You then retry the thug-face-punch test after telling your zombies not to punch the thugs. They last an average of five and a half minutes before being kicked. Repeatedly. It's very very funny.

You then stick a laptop into the conference room (2+1) sadly your rotating foam throne of doom idea fails miserably. Still, you bring everyone in to look at you play minesweeper for ten minutes anyway. If you're going to hook up a laptop to a projector someone better appreciate it!

You then decide to make a mermaid. Well. A mermaid zombie. Your efforts (13+1) go sort of average-ish again. Which is to say you managed to replace a zombies legs with a robotic fish tail. It can't breath underwater however. It's sort of a Zombie-Mere-Dolphin-Thing.

You then try designing rockets. (10+1) You make some progress but not really that much, you don't feel especially inventive today for some reason.

Internet aided research on portals... (5-1) Goes sort of average given how it normally goes with you, it nothing explode or anything interesting. With the added research you nearly get a quarter of the portal device done!
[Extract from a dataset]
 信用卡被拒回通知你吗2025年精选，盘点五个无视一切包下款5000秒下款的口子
(4+1) Research onto chemestry and explosives goes poorly, you fail in finding out anything unknown to you. You don't get any viruses though so thats a plus.

(6+1) You also try designing some kind off massive door-thing to hide the cave enterance, it doesn't go that well and the design you get is a rather large, obvious, not-very-armoured door. You decide to scrap the design.

(5) You also fail in designing a neurotoxin to threaten pricking McCreepfest with. Your imagination seems to be running a bit dry today.

You considering placing security cameras around the base but you can't be sure where to put it.

(3) You also try designing a new Quadrotor design. It fails. Like nearly everything that you did today, you have no clue how your luck turned so bad.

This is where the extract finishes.